== Segment start ==
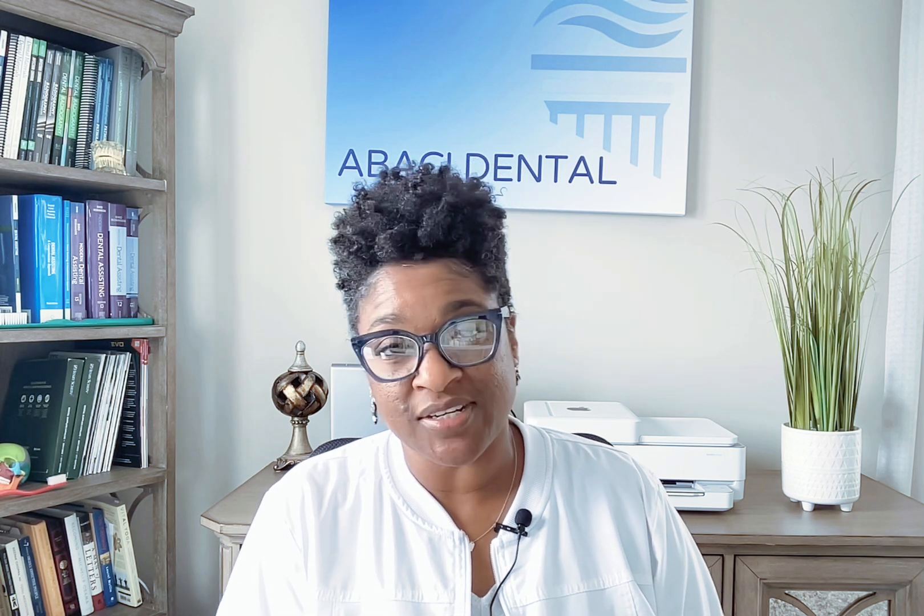Hi, my name is Nedra. Welcome to the Dental DA, where we talk about all things dental. Today we're going to be talking about how I passed my DANB RHS exam.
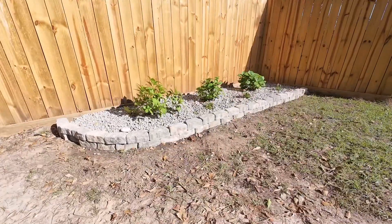Just like that, all the solar panels, gutters, and flower beds were all finished up.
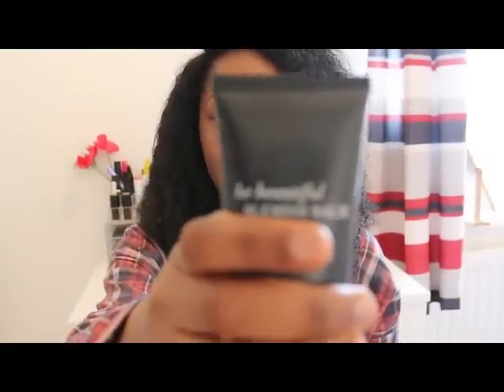Today's tutorial is going to be based on how I achieved this natural skin-like finish look using the Be Beautiful Blemish Balm by Sleek. So what this does is it conceals, repairs, and corrects the skin as well. I just love this because in the morning sometimes I'm busy and I just don't have time to start doing all the highlight and contouring. I just want something that's quick and on the go. So if you're the kind of person who has a busy morning routine — perhaps you have to drop the kids and go straight to work and you want to look great at the same time — this is probably a tutorial for you. Stay tuned to see how I achieved this natural skin-like finish look.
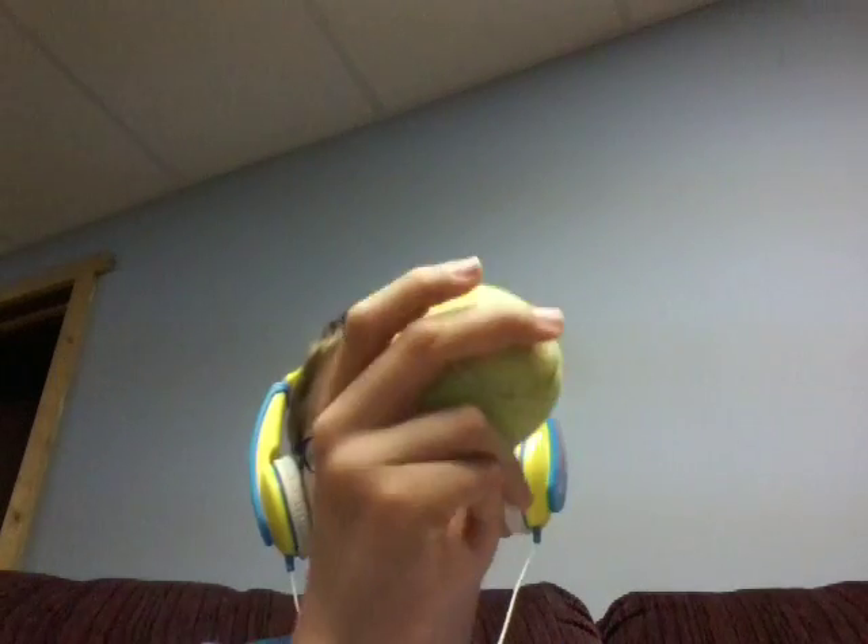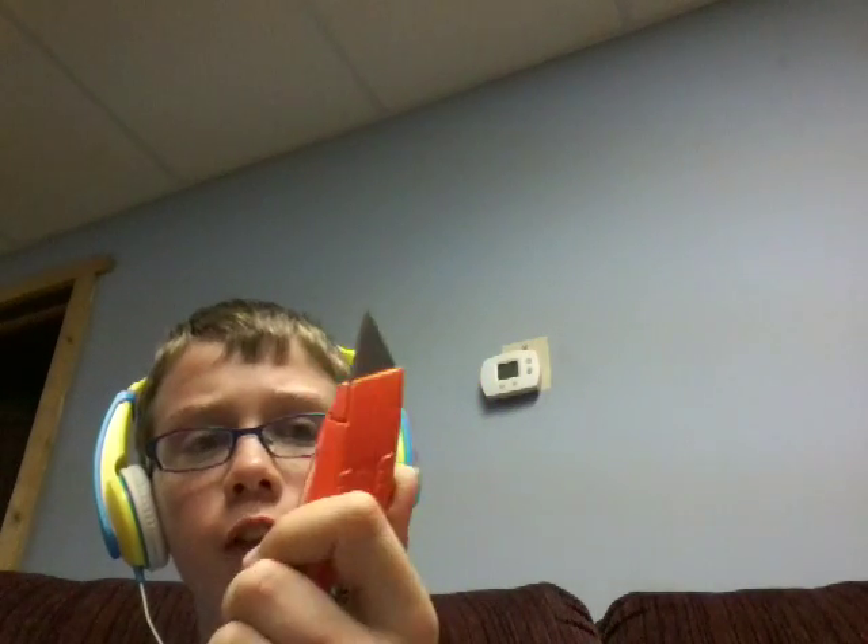I got this idea from Household Hacker, so check out his channel. I will put a link in the description for his video on this. What you use is a tennis ball and a utility knife.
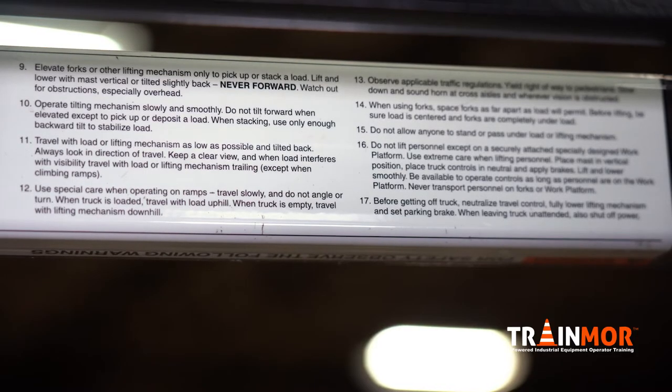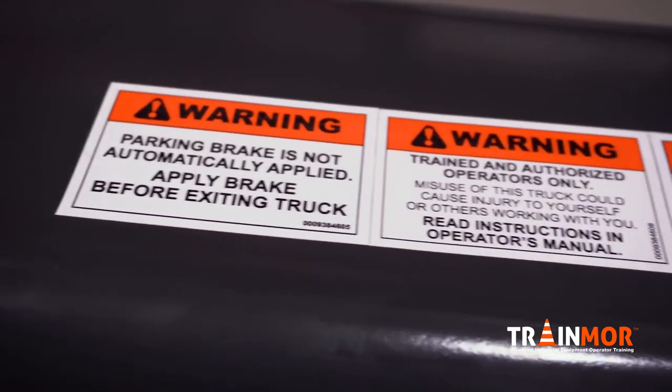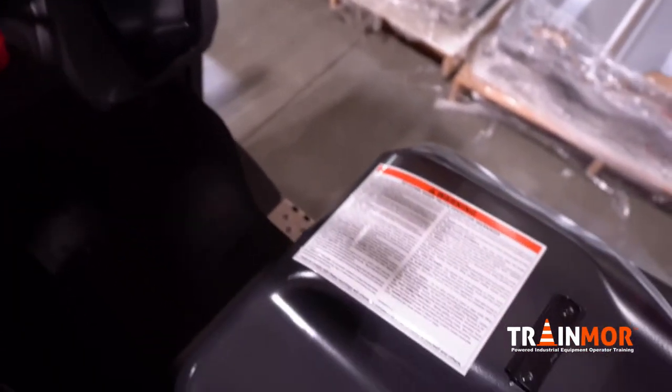The Train More Online Forklift Operator Training Program includes all of these 17 issues on that label, including the others on your truck. Be sure to have visible labels that are legible around your entire piece of equipment.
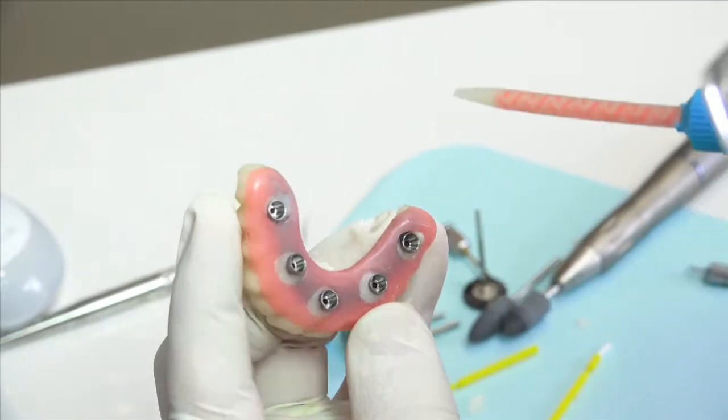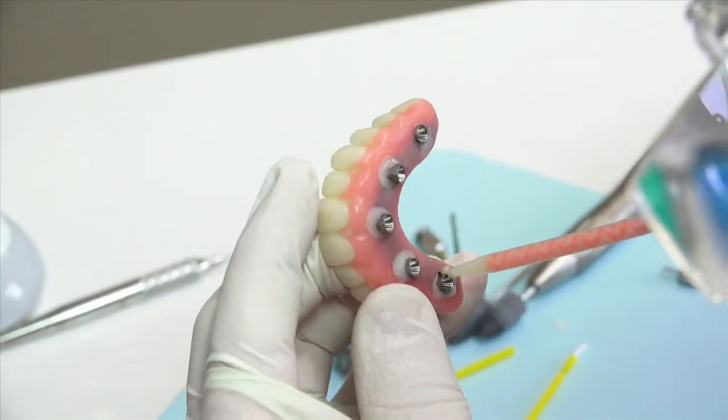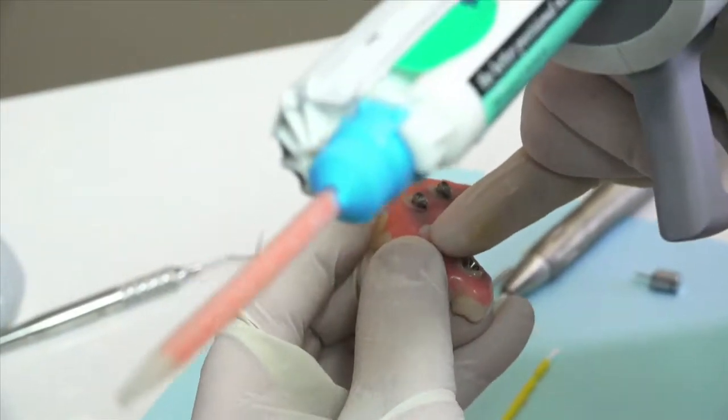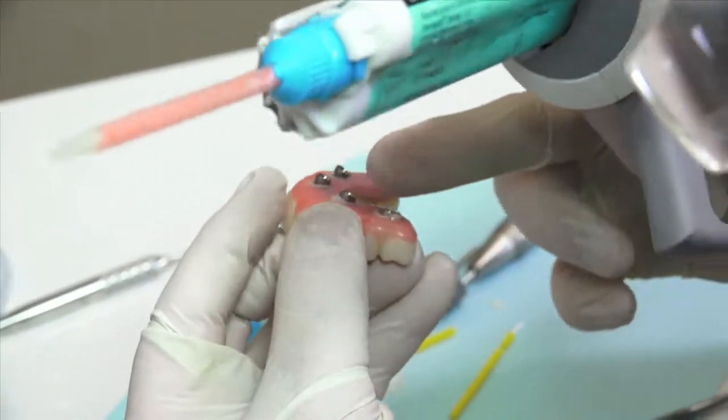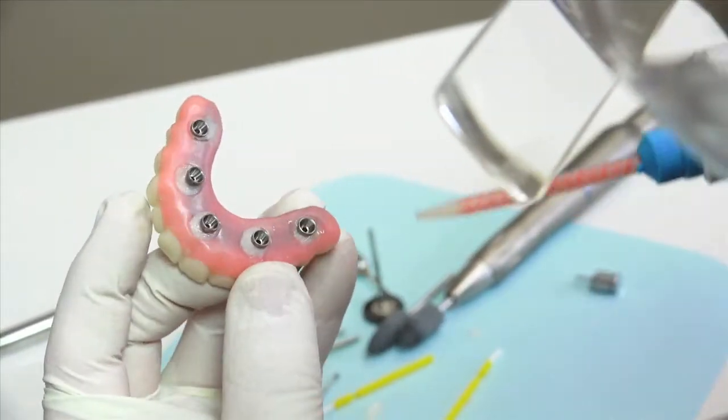Syringe the material into these areas, and prior to the material setting up — or if using a light cure material, prior to light curing — smooth and shape the material as needed. The more precise you are with applying and shaping the material, the more you will be able to reduce the finishing and polishing time.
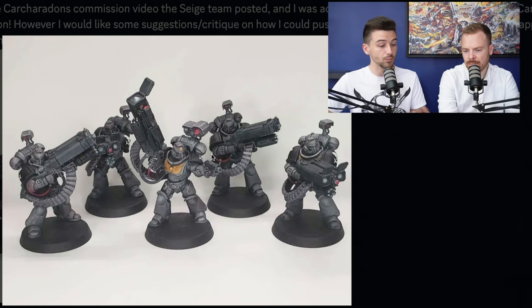Adding some more edge highlighting details — if you didn't want to do it on the whole model, since this is a commission and time is very valuable — I think adding it to the areas that matter most and where you want the eye drawn, like around the collar, the helmet, and adding some extra highlights on those lenses, would make the faces and focal points stand out a lot more. It would be a very small investment in terms of time, and you could easily do it across the whole squad or army, but it's going to add a ton of value — much more so than doing lots of edge highlighting on the whole models.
== Segment end ==
# Your goal:
The reply must consist of the records, repeated exactly, minus any images.

# Solution to this exercise:
Hi, my name is Nedra. Welcome to the Dental DA, where we talk about all things dental. Today we're going to be talking about how I passed my DANB RHS exam.
Just like that, all the solar panels, gutters, and flower beds were all finished up.
Today's tutorial is going to be based on how I achieved this natural skin-like finish look using the Be Beautiful Blemish Balm by Sleek. So what this does is it conceals, repairs, and corrects the skin as well. I just love this because in the morning sometimes I'm busy and I just don't have time to start doing all the highlight and contouring. I just want something that's quick and on the go. So if you're the kind of person who has a busy morning routine — perhaps you have to drop the kids and go straight to work and you want to look great at the same time — this is probably a tutorial for you. Stay tuned to see how I achieved this natural skin-like finish look.
I got this idea from Household Hacker, so check out his channel. I will put a link in the description for his video on this. What you use is a tennis ball and a utility knife.
The Train More Online Forklift Operator Training Program includes all of these 17 issues on that label, including the others on your truck. Be sure to have visible labels that are legible around your entire piece of equipment.
Syringe the material into these areas, and prior to the material setting up — or if using a light cure material, prior to light curing — smooth and shape the material as needed. The more precise you are with applying and shaping the material, the more you will be able to reduce the finishing and polishing time.
Adding some more edge highlighting details — if you didn't want to do it on the whole model, since this is a commission and time is very valuable — I think adding it to the areas that matter most and where you want the eye drawn, like around the collar, the helmet, and adding some extra highlights on those lenses, would make the faces and focal points stand out a lot more. It would be a very small investment in terms of time, and you could easily do it across the whole squad or army, but it's going to add a ton of value — much more so than doing lots of edge highlighting on the whole models.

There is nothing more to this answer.